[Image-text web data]
------------------------------------------------------------------------

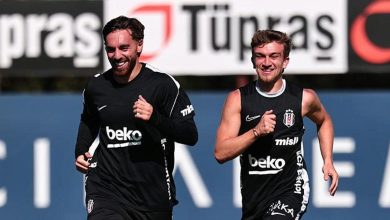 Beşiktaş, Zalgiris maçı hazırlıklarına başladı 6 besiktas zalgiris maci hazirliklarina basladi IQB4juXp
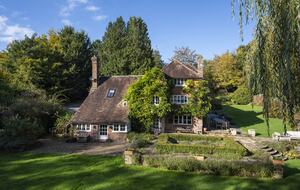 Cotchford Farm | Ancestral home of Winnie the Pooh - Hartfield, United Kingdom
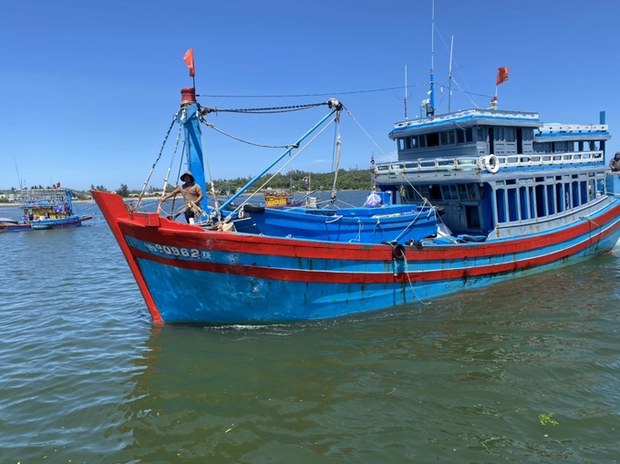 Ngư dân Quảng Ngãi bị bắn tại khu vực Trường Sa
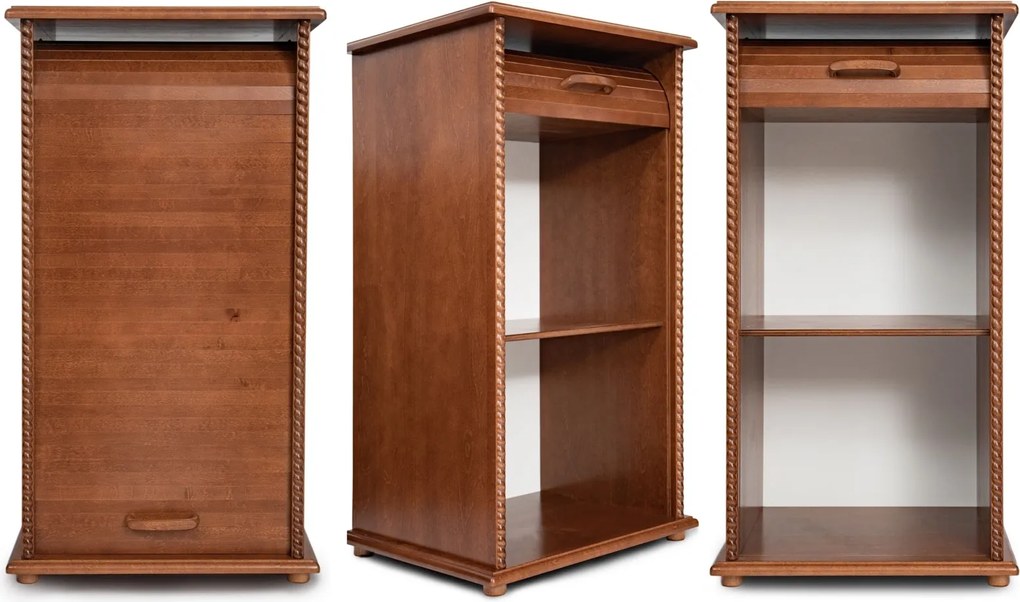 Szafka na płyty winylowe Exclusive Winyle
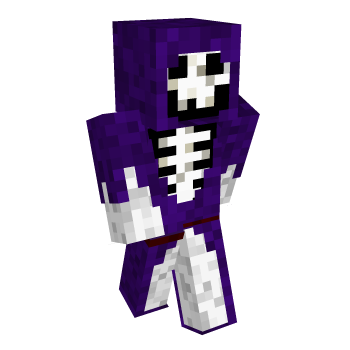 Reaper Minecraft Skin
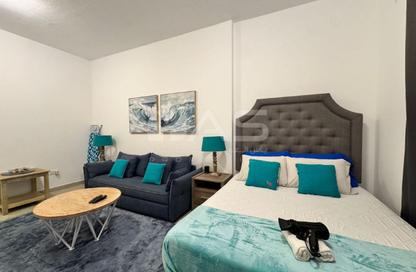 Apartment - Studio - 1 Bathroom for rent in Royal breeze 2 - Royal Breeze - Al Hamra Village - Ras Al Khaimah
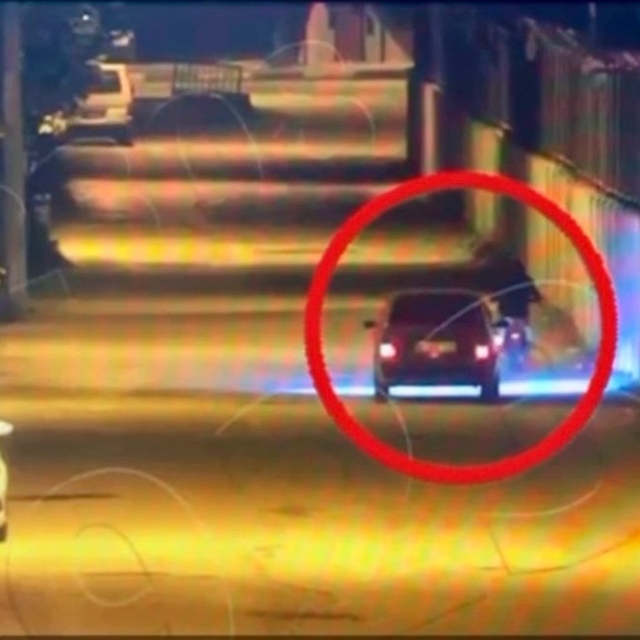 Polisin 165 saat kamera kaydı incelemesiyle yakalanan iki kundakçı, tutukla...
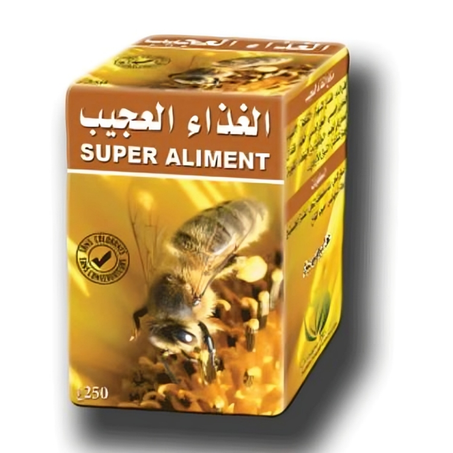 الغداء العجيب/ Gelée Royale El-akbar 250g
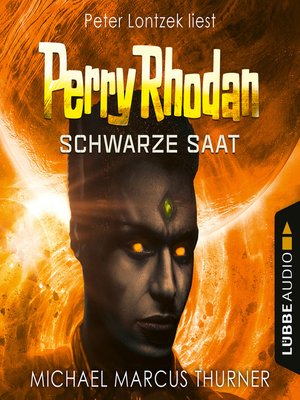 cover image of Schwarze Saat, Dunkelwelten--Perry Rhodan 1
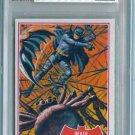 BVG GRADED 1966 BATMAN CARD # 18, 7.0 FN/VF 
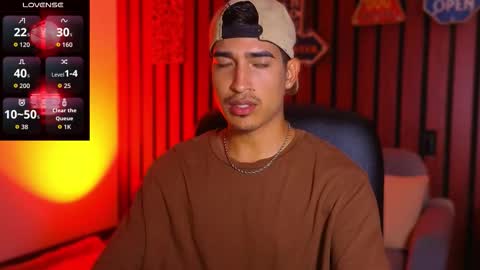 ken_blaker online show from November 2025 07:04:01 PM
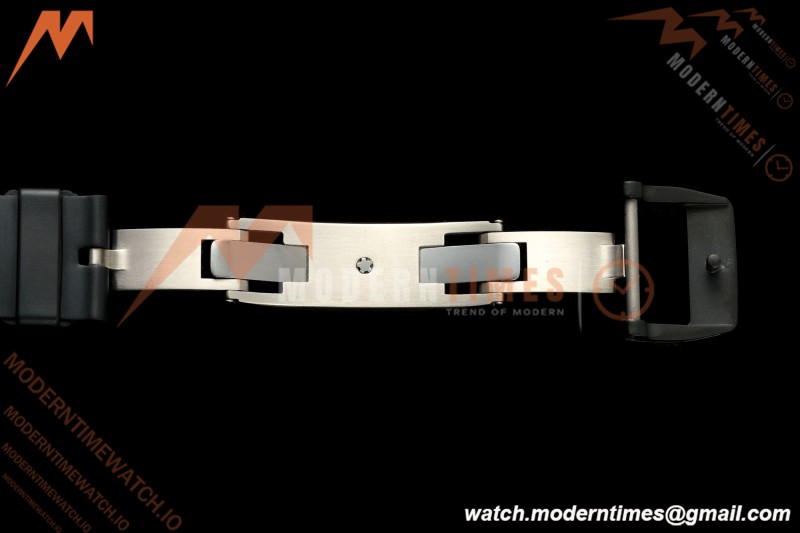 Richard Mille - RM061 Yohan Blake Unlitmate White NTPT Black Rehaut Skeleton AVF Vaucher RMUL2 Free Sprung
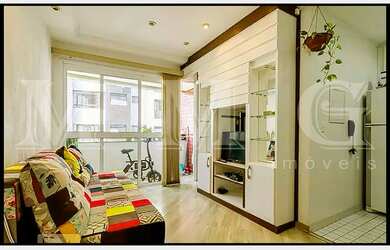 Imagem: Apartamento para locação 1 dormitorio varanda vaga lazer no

------------------------------------------------------------------------

### Problem to solve
Leave out the pictures and copy every record above exactly.

### Task answer
 Beşiktaş, Zalgiris maçı hazırlıklarına başladı 6 besiktas zalgiris maci hazirliklarina basladi IQB4juXp
 Cotchford Farm | Ancestral home of Winnie the Pooh - Hartfield, United Kingdom
 Ngư dân Quảng Ngãi bị bắn tại khu vực Trường Sa
 Szafka na płyty winylowe Exclusive Winyle
 Reaper Minecraft Skin
 Apartment - Studio - 1 Bathroom for rent in Royal breeze 2 - Royal Breeze - Al Hamra Village - Ras Al Khaimah
 Polisin 165 saat kamera kaydı incelemesiyle yakalanan iki kundakçı, tutukla...
 الغداء العجيب/ Gelée Royale El-akbar 250g
 cover image of Schwarze Saat, Dunkelwelten--Perry Rhodan 1
 BVG GRADED 1966 BATMAN CARD # 18, 7.0 FN/VF 
 ken_blaker online show from November 2025 07:04:01 PM
 Richard Mille - RM061 Yohan Blake Unlitmate White NTPT Black Rehaut Skeleton AVF Vaucher RMUL2 Free Sprung
 Imagem: Apartamento para locação 1 dormitorio varanda vaga lazer no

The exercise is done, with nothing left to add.